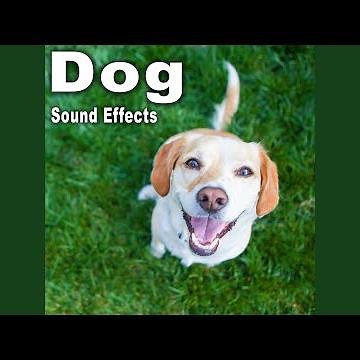 German Shepherd Growls and Breaths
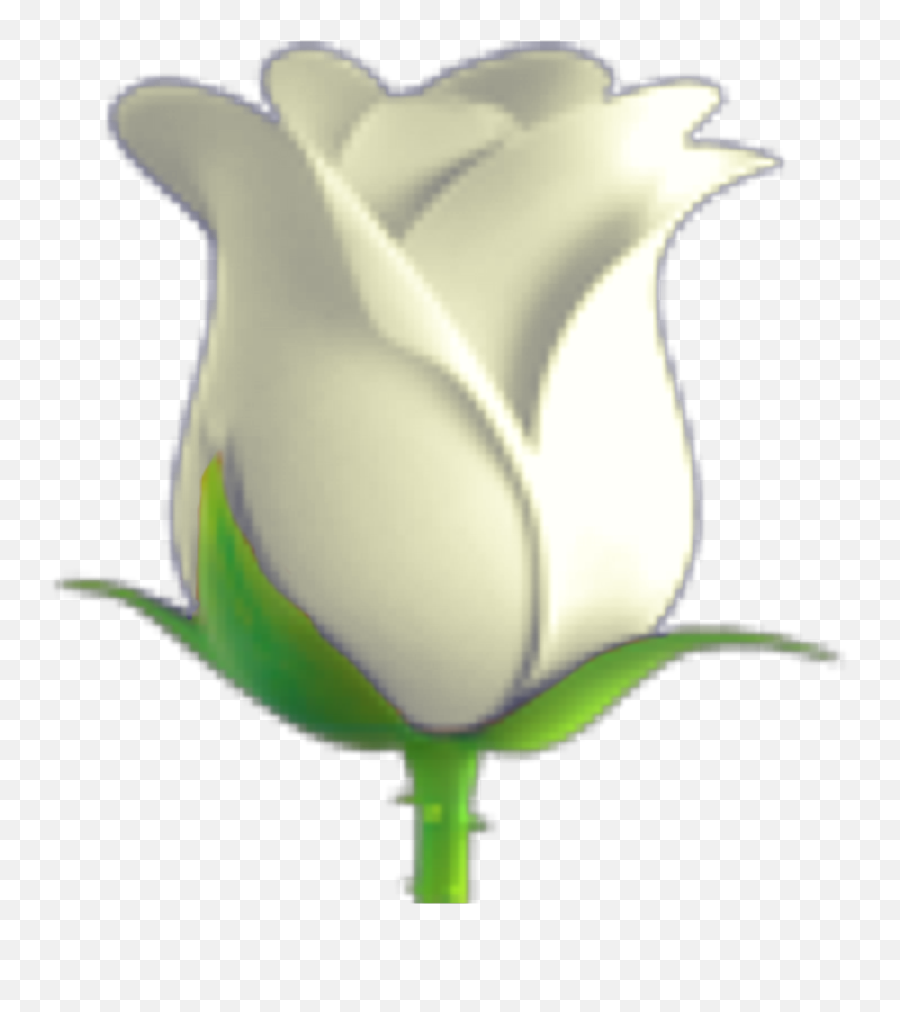 Might Need To Redo This White Rose Emoji Remix - Illustration Png,White Rose Transparent Background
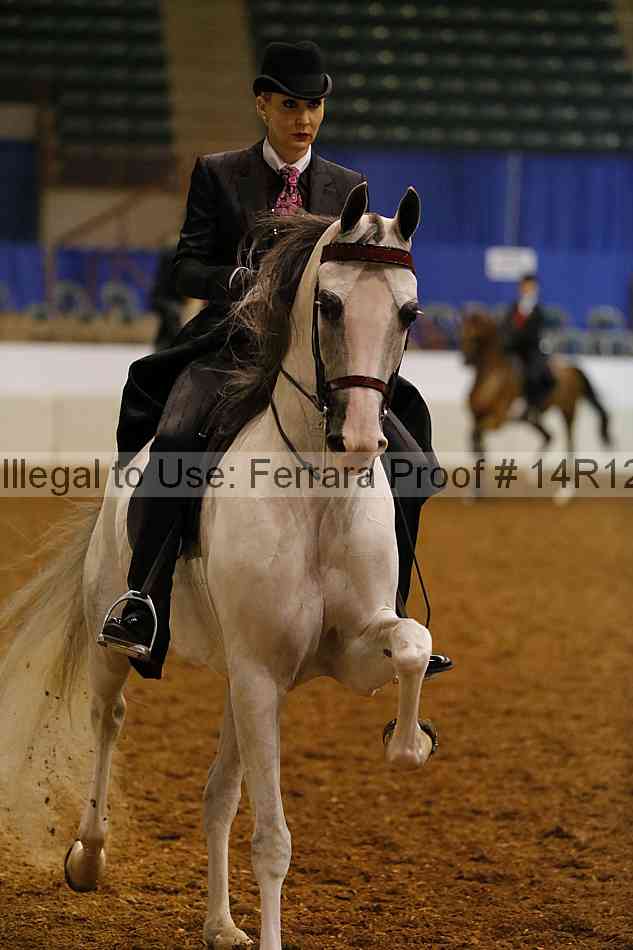 Proof Number 14r12_1693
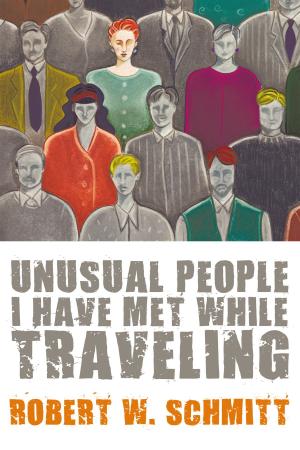 Cover of the book Unusual People I Have Met While Traveling by David M. Quinn
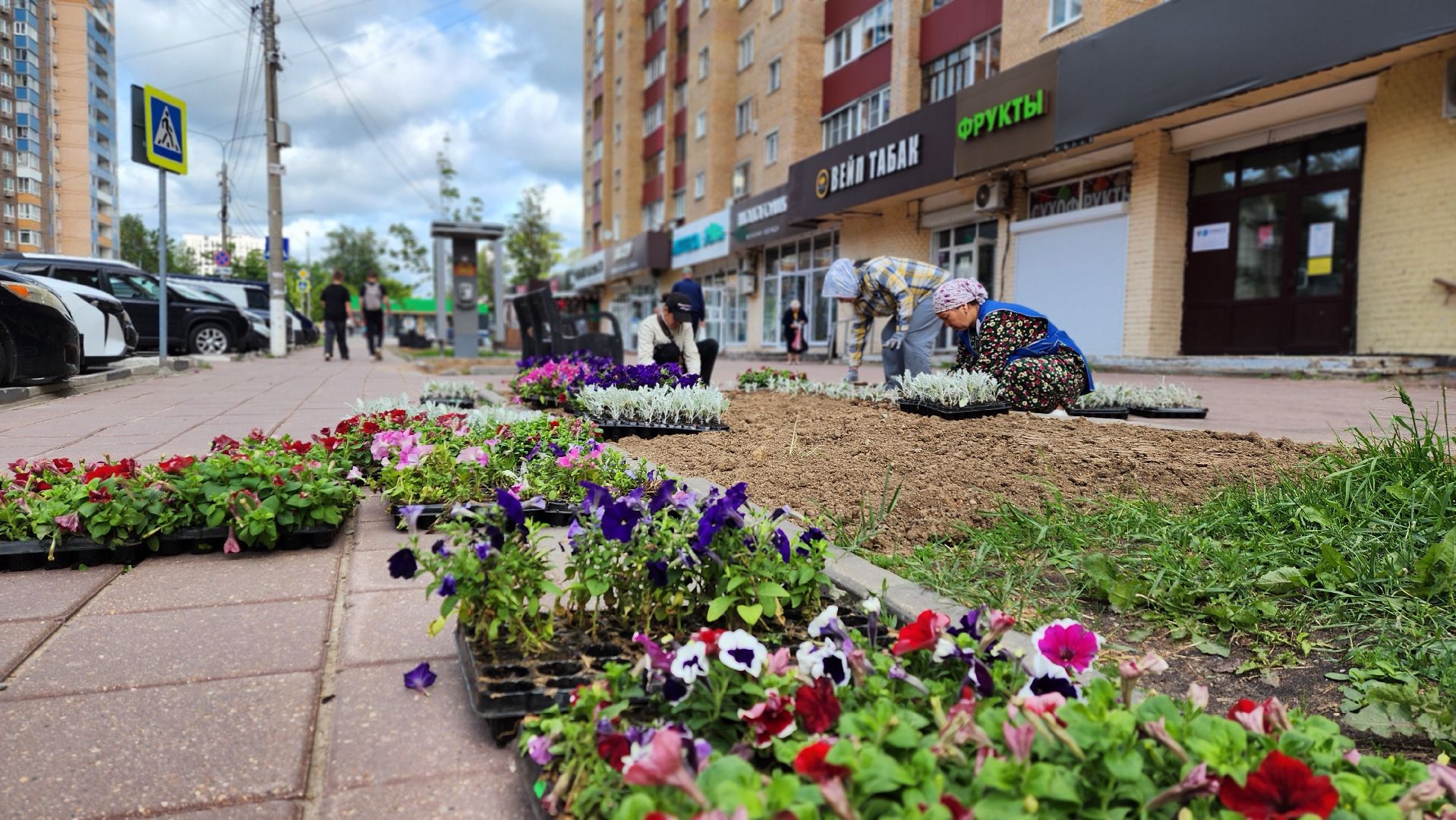 солнечногорск, благоустройство, улица дзержинского, бастилия, цветы,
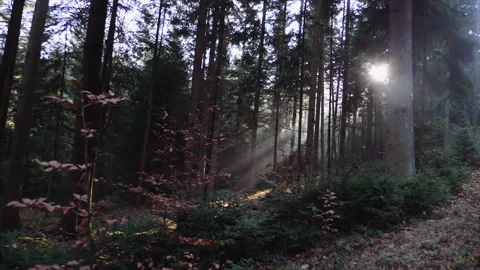 Walking in the forest with sun shining through trees Stock Footage 148038289
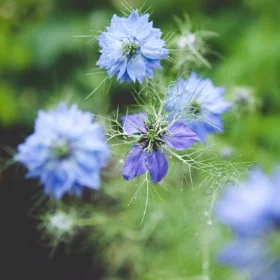 Nigella photo: Hilary Dahl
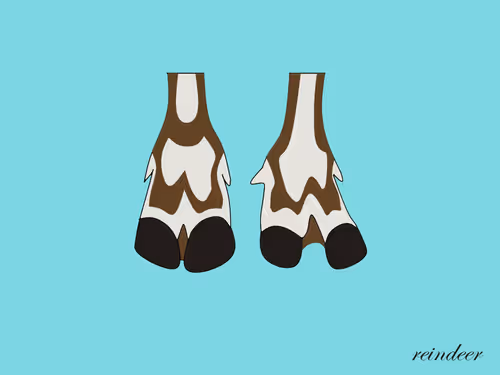 Item #24843950328459654647592333095373915695654115129450378637534313016727296802817 Media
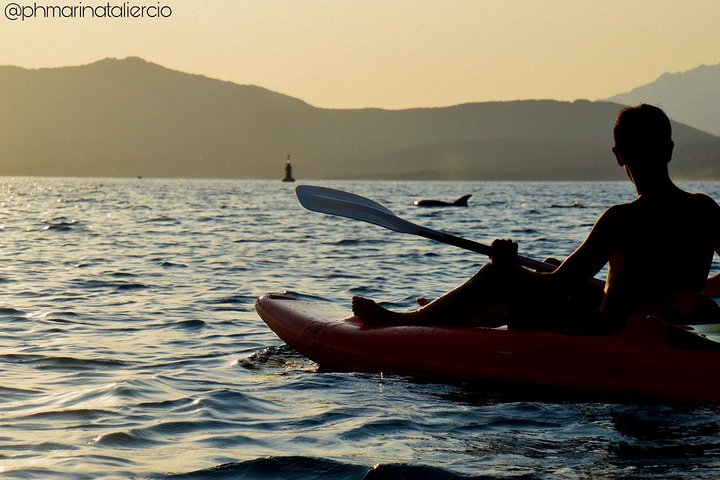 Aventura en kayak en Olbia, Cerdeña, con avistamiento de delfines y exploración costera, foto 7 | wizardtrip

**Aim of the exercise**:
Each entry above should be copied exactly. The pictures should not.

**Answer space**:
 German Shepherd Growls and Breaths
 Might Need To Redo This White Rose Emoji Remix - Illustration Png,White Rose Transparent Background
 Proof Number 14r12_1693
 Cover of the book Unusual People I Have Met While Traveling by David M. Quinn
 солнечногорск, благоустройство, улица дзержинского, бастилия, цветы,
 Walking in the forest with sun shining through trees Stock Footage 148038289
 Nigella photo: Hilary Dahl
 Item #24843950328459654647592333095373915695654115129450378637534313016727296802817 Media
 Aventura en kayak en Olbia, Cerdeña, con avistamiento de delfines y exploración costera, foto 7 | wizardtrip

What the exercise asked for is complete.